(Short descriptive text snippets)
---*---

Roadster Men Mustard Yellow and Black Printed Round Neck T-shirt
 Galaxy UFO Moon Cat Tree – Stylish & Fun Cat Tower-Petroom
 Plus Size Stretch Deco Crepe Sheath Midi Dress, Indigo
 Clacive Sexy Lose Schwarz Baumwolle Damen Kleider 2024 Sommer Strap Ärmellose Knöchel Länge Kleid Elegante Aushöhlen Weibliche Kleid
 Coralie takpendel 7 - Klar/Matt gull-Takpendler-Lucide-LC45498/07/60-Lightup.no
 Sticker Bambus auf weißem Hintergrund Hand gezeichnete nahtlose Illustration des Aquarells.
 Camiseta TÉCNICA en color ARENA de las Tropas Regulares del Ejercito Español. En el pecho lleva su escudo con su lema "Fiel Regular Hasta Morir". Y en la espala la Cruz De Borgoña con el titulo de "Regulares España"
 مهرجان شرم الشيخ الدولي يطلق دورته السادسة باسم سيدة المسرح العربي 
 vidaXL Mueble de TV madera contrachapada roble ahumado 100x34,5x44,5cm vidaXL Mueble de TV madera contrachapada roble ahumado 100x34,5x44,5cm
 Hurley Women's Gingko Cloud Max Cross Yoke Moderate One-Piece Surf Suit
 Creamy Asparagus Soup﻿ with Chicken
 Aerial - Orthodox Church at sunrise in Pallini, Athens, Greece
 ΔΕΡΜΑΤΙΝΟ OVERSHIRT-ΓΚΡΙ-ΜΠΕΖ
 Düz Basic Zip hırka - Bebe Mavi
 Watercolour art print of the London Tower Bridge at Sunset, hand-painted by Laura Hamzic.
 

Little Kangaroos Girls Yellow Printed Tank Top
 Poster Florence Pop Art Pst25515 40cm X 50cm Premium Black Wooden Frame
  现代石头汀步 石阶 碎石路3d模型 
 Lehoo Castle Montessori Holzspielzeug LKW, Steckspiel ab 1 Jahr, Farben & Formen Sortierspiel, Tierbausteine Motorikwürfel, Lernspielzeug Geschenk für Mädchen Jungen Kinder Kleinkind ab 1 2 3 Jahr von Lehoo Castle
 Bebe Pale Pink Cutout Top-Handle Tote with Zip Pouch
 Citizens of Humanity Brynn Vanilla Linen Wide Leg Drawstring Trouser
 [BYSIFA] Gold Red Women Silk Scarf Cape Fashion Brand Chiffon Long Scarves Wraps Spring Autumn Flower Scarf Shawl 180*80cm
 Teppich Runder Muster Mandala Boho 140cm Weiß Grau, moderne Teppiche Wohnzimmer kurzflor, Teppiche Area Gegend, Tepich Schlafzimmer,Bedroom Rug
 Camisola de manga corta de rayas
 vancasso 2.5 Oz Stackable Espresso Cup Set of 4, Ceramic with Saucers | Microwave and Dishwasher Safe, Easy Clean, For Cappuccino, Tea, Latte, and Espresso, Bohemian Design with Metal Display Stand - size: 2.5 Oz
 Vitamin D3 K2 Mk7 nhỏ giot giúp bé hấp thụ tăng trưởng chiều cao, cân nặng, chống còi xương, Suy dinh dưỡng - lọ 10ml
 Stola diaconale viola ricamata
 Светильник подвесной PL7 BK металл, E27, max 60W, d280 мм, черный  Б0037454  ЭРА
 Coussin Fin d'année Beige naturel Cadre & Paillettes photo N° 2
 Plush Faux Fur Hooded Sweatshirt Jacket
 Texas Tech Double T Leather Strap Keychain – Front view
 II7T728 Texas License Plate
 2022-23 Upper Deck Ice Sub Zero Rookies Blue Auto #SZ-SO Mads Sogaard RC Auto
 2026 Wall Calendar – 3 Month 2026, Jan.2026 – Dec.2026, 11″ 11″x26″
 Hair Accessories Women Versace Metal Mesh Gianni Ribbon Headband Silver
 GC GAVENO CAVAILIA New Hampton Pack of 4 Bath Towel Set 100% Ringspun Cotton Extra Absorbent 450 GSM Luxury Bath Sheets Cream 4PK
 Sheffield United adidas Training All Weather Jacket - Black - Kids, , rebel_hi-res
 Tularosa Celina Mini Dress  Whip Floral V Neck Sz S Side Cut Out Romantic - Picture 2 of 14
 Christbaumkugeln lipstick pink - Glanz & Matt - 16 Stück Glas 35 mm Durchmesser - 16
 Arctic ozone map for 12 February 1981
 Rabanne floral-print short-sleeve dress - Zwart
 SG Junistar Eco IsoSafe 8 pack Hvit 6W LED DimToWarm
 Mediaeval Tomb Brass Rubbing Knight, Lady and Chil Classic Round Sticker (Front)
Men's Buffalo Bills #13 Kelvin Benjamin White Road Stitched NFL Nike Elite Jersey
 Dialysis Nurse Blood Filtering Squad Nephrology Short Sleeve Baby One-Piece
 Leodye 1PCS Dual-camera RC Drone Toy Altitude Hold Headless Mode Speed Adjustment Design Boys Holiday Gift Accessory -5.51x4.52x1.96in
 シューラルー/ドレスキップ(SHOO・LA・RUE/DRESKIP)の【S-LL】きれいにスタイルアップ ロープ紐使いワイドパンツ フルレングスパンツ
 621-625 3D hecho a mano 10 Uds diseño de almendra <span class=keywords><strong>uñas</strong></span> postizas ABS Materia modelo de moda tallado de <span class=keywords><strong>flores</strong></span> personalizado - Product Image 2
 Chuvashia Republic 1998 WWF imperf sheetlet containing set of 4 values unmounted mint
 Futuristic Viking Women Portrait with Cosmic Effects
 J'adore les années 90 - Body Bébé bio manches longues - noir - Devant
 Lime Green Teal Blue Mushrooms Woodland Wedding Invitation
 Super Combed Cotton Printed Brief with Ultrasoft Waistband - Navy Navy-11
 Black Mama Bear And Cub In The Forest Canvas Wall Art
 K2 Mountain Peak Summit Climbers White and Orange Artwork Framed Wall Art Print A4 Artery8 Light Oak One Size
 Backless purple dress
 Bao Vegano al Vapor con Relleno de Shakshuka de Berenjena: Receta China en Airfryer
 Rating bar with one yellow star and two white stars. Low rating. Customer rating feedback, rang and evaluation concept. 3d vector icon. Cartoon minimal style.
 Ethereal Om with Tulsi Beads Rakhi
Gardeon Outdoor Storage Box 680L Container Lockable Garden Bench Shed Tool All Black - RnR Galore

---*---

◆ Task description: Using the entries above, output exactly the lines between the line holding "Plush Faux Fur Hooded Sweatshirt Jacket" and the line holding "Men's Buffalo Bills", end lines included, and nothing more.

◆ Reply to the task:
 Plush Faux Fur Hooded Sweatshirt Jacket
 Texas Tech Double T Leather Strap Keychain – Front view
 II7T728 Texas License Plate
 2022-23 Upper Deck Ice Sub Zero Rookies Blue Auto #SZ-SO Mads Sogaard RC Auto
 2026 Wall Calendar – 3 Month 2026, Jan.2026 – Dec.2026, 11″ 11″x26″
 Hair Accessories Women Versace Metal Mesh Gianni Ribbon Headband Silver
 GC GAVENO CAVAILIA New Hampton Pack of 4 Bath Towel Set 100% Ringspun Cotton Extra Absorbent 450 GSM Luxury Bath Sheets Cream 4PK
 Sheffield United adidas Training All Weather Jacket - Black - Kids, , rebel_hi-res
 Tularosa Celina Mini Dress  Whip Floral V Neck Sz S Side Cut Out Romantic - Picture 2 of 14
 Christbaumkugeln lipstick pink - Glanz & Matt - 16 Stück Glas 35 mm Durchmesser - 16
 Arctic ozone map for 12 February 1981
 Rabanne floral-print short-sleeve dress - Zwart
 SG Junistar Eco IsoSafe 8 pack Hvit 6W LED DimToWarm
 Mediaeval Tomb Brass Rubbing Knight, Lady and Chil Classic Round Sticker (Front)
Men's Buffalo Bills #13 Kelvin Benjamin White Road Stitched NFL Nike Elite Jersey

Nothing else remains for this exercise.